YOUR INSTRUCTIONS >>
Take the lines below beginning at the line that has "A room with" and stopping after the line that has "FRANCOIS HOLLANDE, France's", and print them exactly as they are, with no other lines.

DATASET RECORDS >>
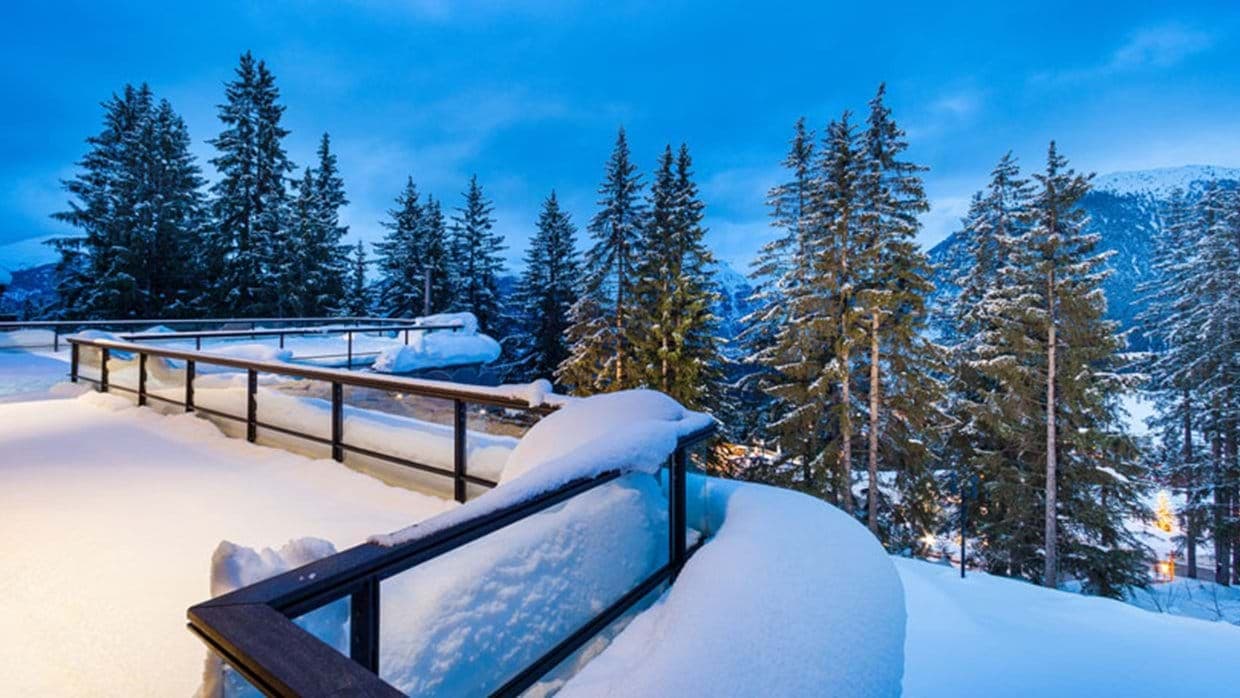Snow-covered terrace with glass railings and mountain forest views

...

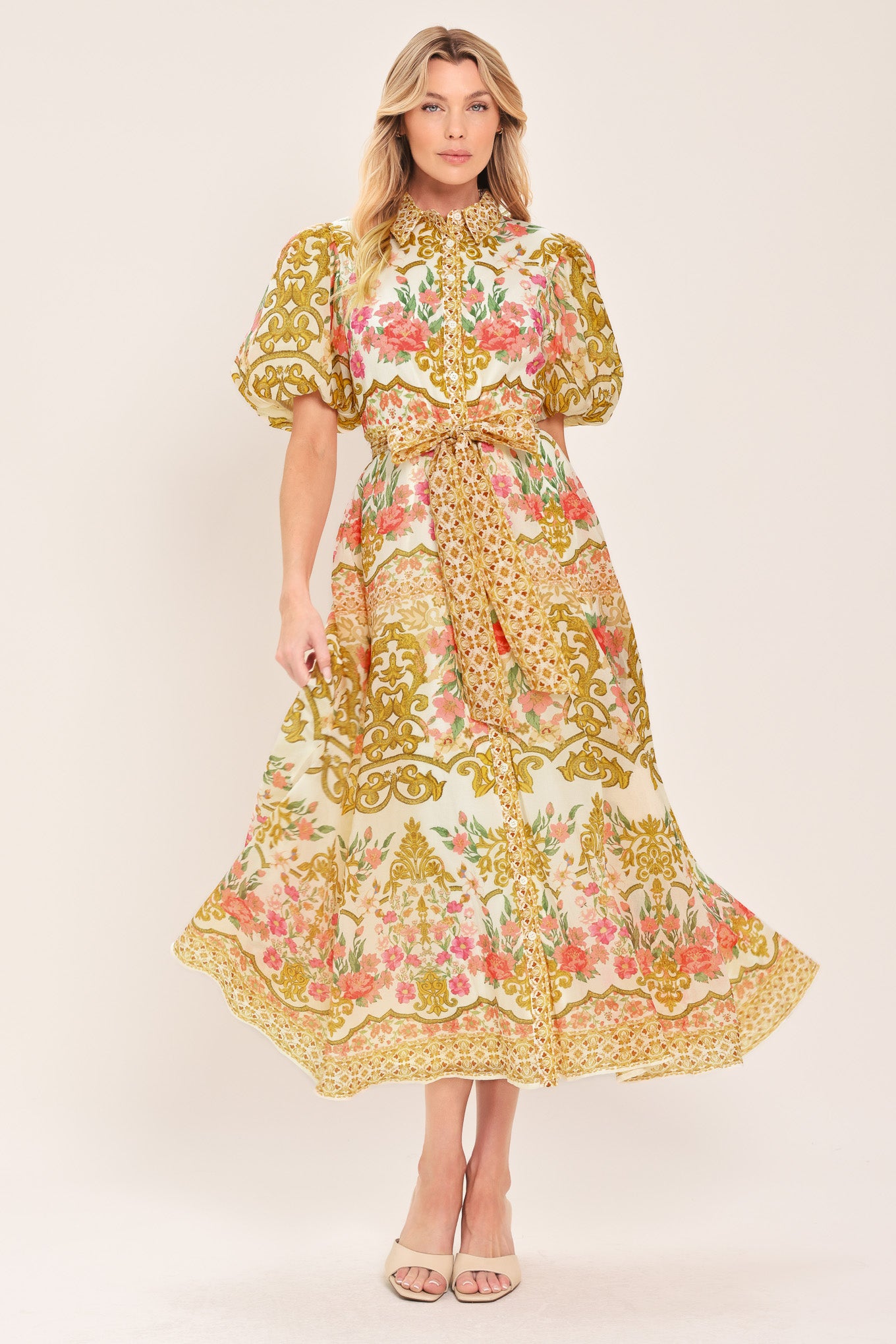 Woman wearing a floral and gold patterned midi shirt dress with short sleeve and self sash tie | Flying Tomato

==

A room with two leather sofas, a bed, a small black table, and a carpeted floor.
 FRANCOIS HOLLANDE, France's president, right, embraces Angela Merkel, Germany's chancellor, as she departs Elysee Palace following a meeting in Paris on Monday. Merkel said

ANSWER AREA >>
A room with two leather sofas, a bed, a small black table, and a carpeted floor.
 FRANCOIS HOLLANDE, France's president, right, embraces Angela Merkel, Germany's chancellor, as she departs Elysee Palace following a meeting in Paris on Monday. Merkel said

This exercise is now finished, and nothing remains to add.